A) Collect only SMF types 30 and 14/15; all other types are unnecessary overhead B) Write SMF directly to DB2 tables for real-time analysis C) Dump SMF data regularly (e.g., every 4 hours during batch window), store in a historical database, and analyze with dedicated programs D) Disable SMF collection during the batch window to reduce overhead, then enable it during the online day
Answer: C SMF data must be dumped regularly from the active SYS1.MANx datasets to prevent data loss (the datasets wrap). The dumped data is loaded into a historical database (typically DB2) where it's available for both real-time analysis during the current batch window and long-term trend analysis. Disabling SMF during batch would eliminate the very data you need for monitoring.
Question 19
Rob's PIR rule at CNB is: "We don't ask who caused the problem. We ask what allowed the problem to happen." This reflects which principle?
A) Plausible deniability — protect individual team members from accountability B) Blameless culture — focus on systemic improvement rather than individual punishment C) Separation of duties — operators shouldn't know who wrote the code D) Minimal disclosure — limit incident information to those directly involved
Answer: B A blameless post-incident culture focuses on identifying and fixing systemic weaknesses rather than punishing individuals. This approach produces better outcomes because team members participate honestly, share complete information, and focus on prevention rather than self-protection. It recognizes that if a single human error can take down the batch cycle, the system is fragile — the fix is in the system, not the human.
Question 20
The chapter states that Rob's overall MTTR improved from 98 minutes to 33 minutes. Which single improvement contributed the LARGEST reduction?

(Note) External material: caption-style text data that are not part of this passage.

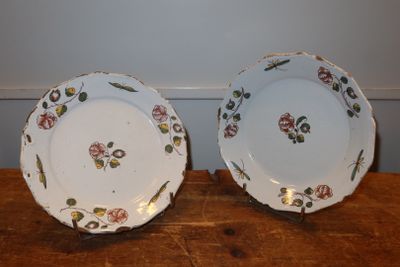 deux assiettes ornées de motifs floraux, posées sur une table en bois
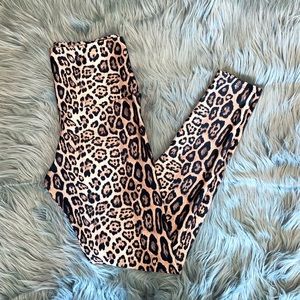 Onzie High Rise Leopard Legging Size S/M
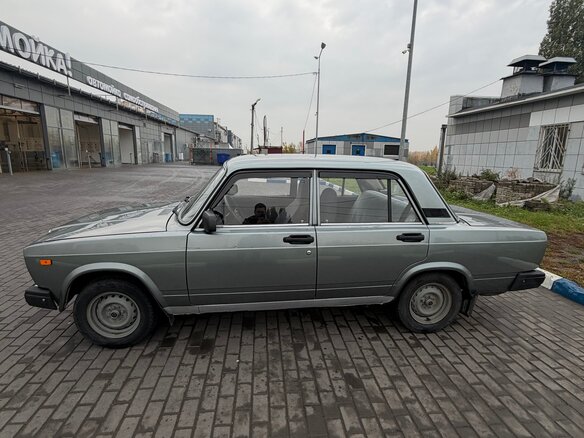 2010 Lada (ВАЗ) 2107, серый, 260000 рублей - вид 3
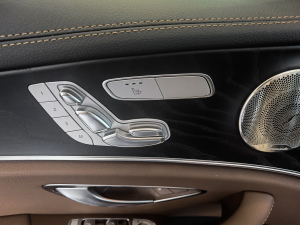 2021Ŀ E 300 \(yn)(dng) g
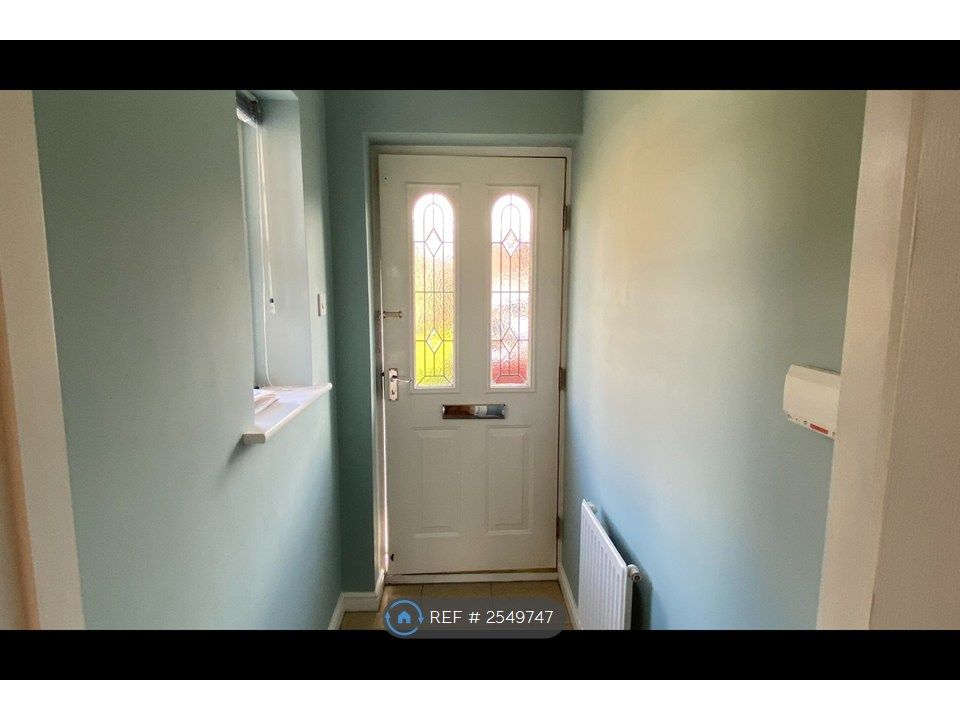 Property photo 3 of 15 Hallway
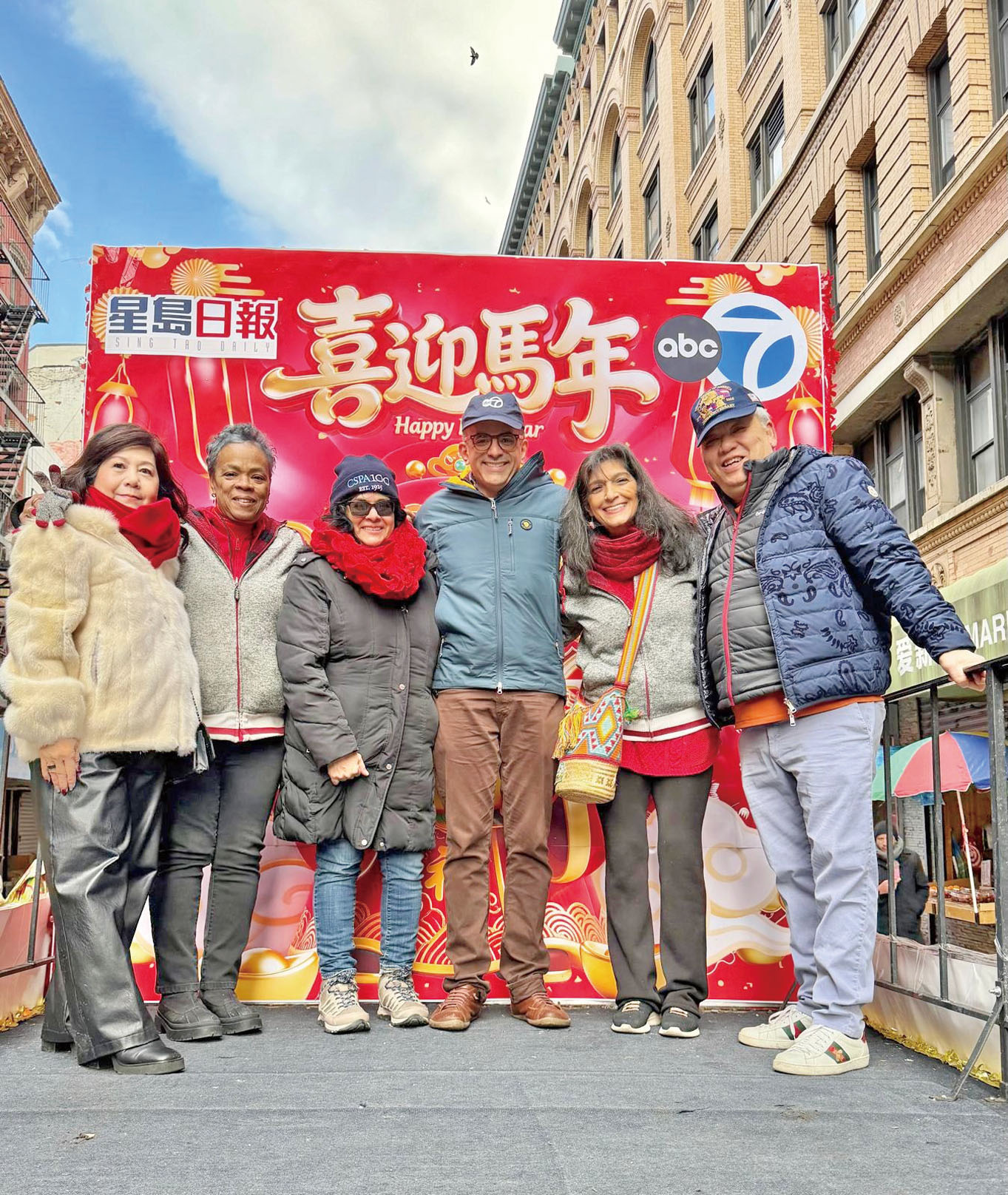 多名ABC的領導級階層出席新年花車遊行（左二起）法務部副總律師Enid Karpeh，行政總裁助理Rosa Munguia，電子媒體行政總監Rolando Pujol，Central de Amigo主任Doris Karpeh Diaz及本報全美行政總裁梅建國夫婦在花車上合影。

A) Faster diagnosis through better playbooks (MTTDx: 28→12 min) B) Faster detection through proper monitoring (MTTD: 37→4 min) C) Faster repair through automation (MTTRp: 19→8 min) D) Faster verification through automated checks (MTTV: 14→9 min)
Answer: B Detection time improved by 33 minutes (from 37 to 4), the single largest reduction of any component. This underscores the fundamental value of proactive monitoring — you cannot fix a problem you haven't detected, and every minute of undetected failure is a minute of wasted time, downstream impact, and accumulated damage.